Directions for this task>
Go to the line containing "Festival penting ini" below; retype it and all following lines exactly, and leave out the pictures.

Image-caption web data:
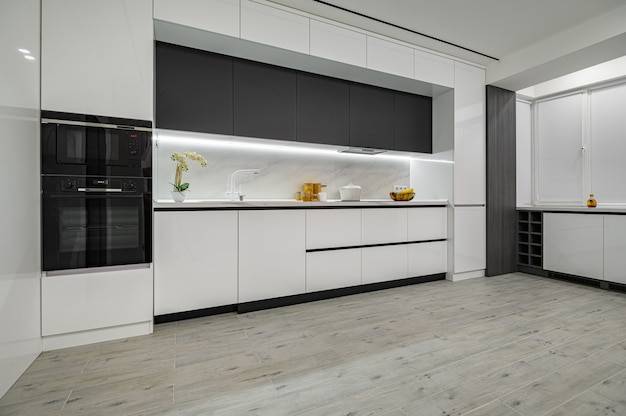 Роскошная бело-черная современная мраморная кухня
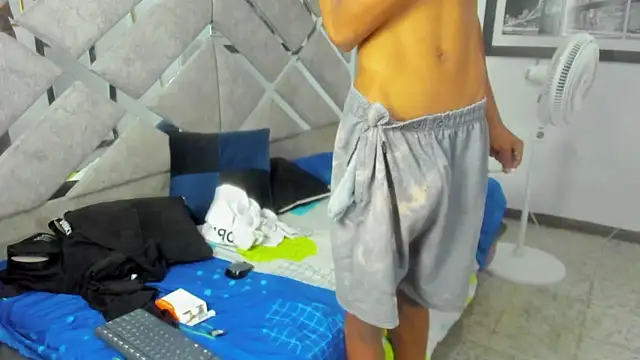 EvaxEmma online show from 01.08.26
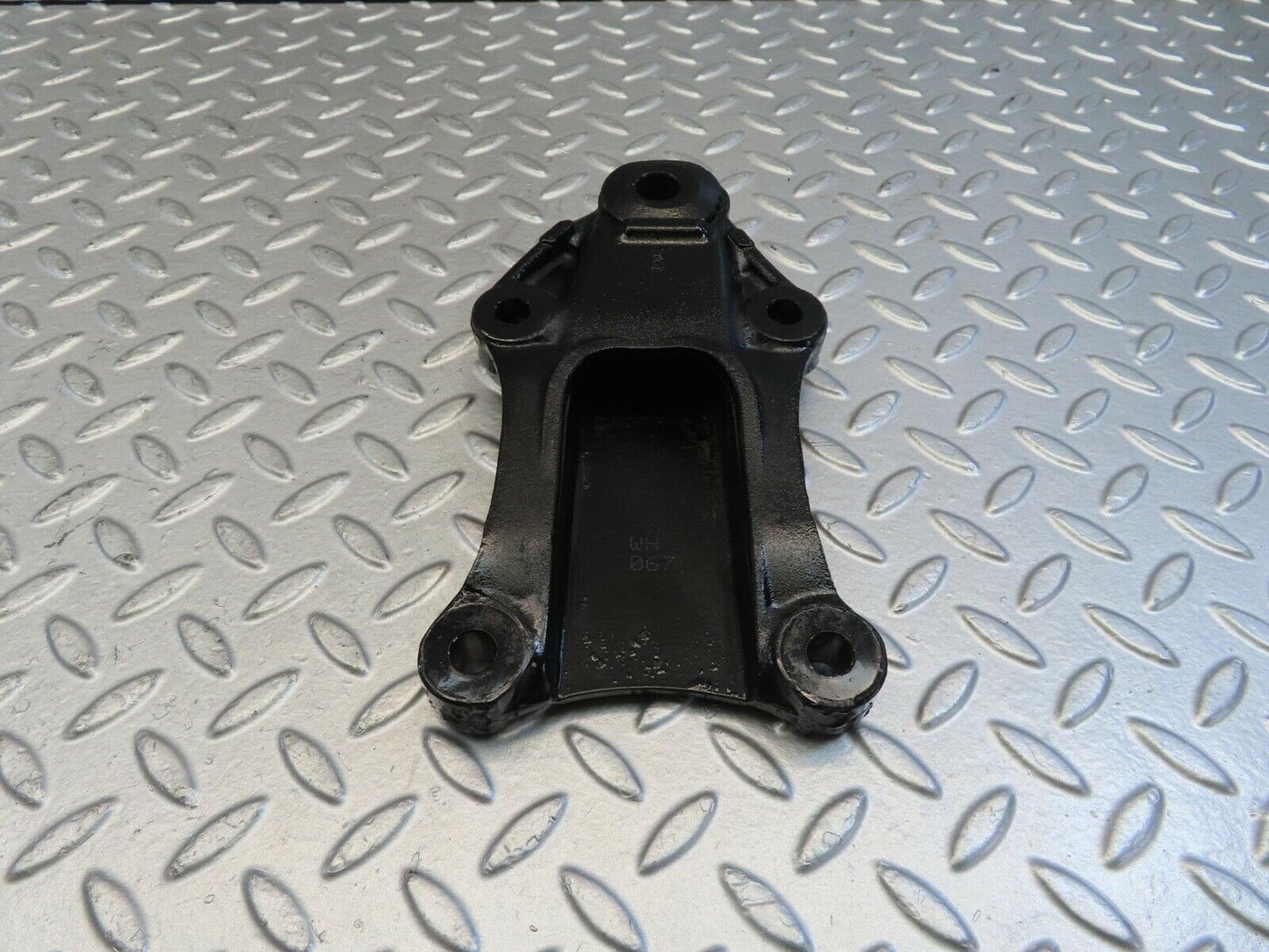 11317 Mercedes-Benz W221 S320 Differential Bracket A2210318
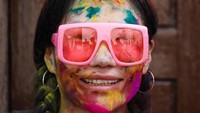 Festival penting ini dirayakan dengan warna-warna dan air oleh sebagian besar suku bangsa di negara ini.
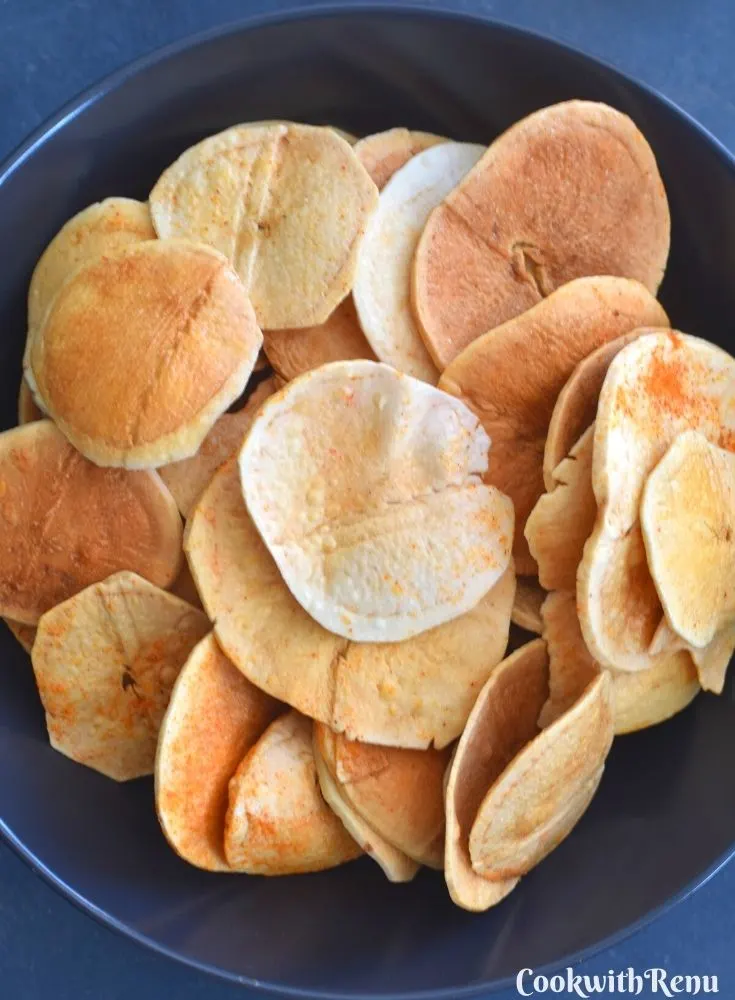 Close up look of Fried Aloo Wafers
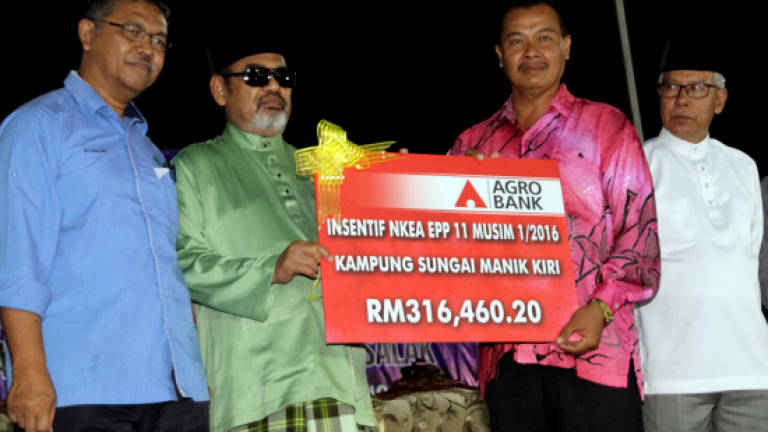 326 Sg Manik/Labu Kubong paddy farmers get over RM1.3m in incentives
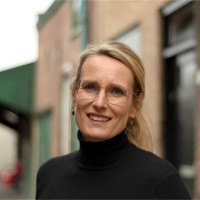 Lucretia Mooibroek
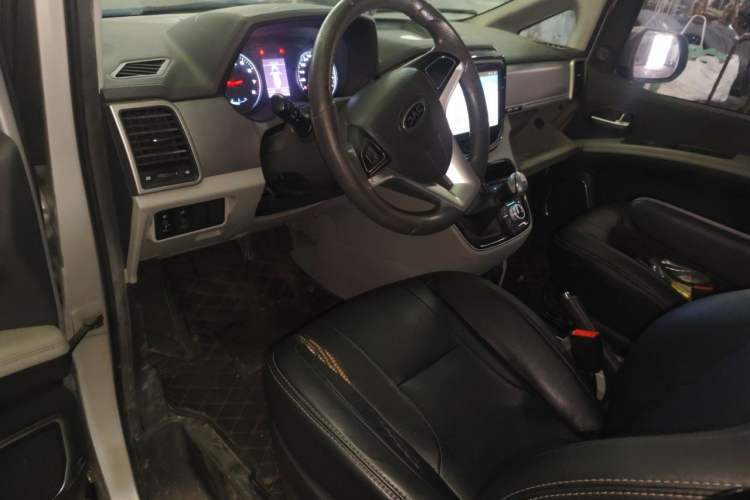 Used JAC Refine M4 2016 2.0L Manual Luxury Version Steering Wheel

Final answer>
 Festival penting ini dirayakan dengan warna-warna dan air oleh sebagian besar suku bangsa di negara ini.
 Close up look of Fried Aloo Wafers
 326 Sg Manik/Labu Kubong paddy farmers get over RM1.3m in incentives
 Lucretia Mooibroek
 Used JAC Refine M4 2016 2.0L Manual Luxury Version Steering Wheel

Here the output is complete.